───── RECORDED DATA ─────

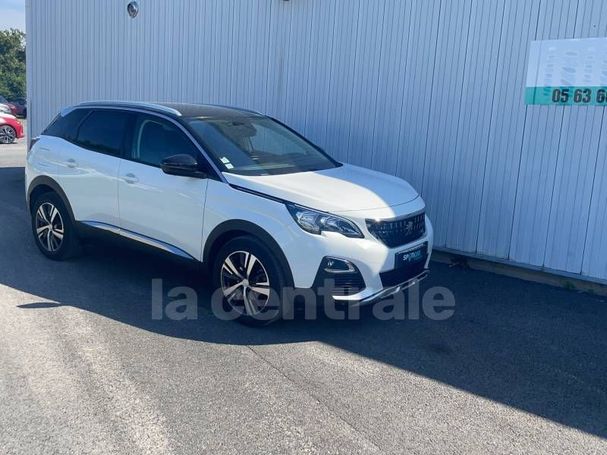 Peugeot 3008 PureTech 130 S&S Allure 96 kW image number 3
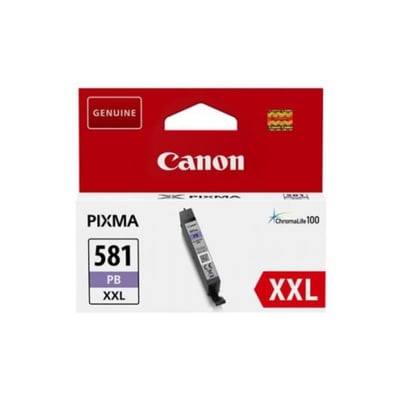 Tinteiro Original Canon CLI-581 XXL Photo Blue
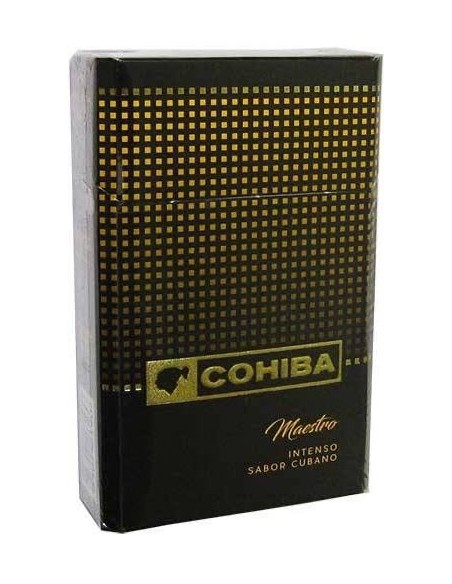 سیگار کوهیبا Cohiba Maestro Intenso Sabor Cubano - (20 نخی)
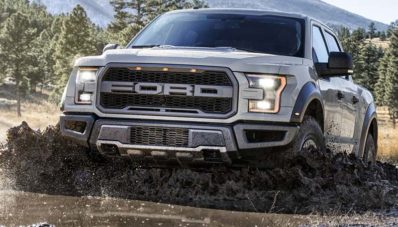 RRC Kebagian All-New Ford F-150 Raptor RRC Kebagian All-New Ford F-150 Raptor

─────

● **PROBLEM DETAILS**
Would you please write out exactly the lines between the line containing "سیگار کوهیبا Cohiba" and the last line of the listing above, inclusive, without pictures?

● **TASK SOLUTION**
 سیگار کوهیبا Cohiba Maestro Intenso Sabor Cubano - (20 نخی)
 RRC Kebagian All-New Ford F-150 Raptor RRC Kebagian All-New Ford F-150 Raptor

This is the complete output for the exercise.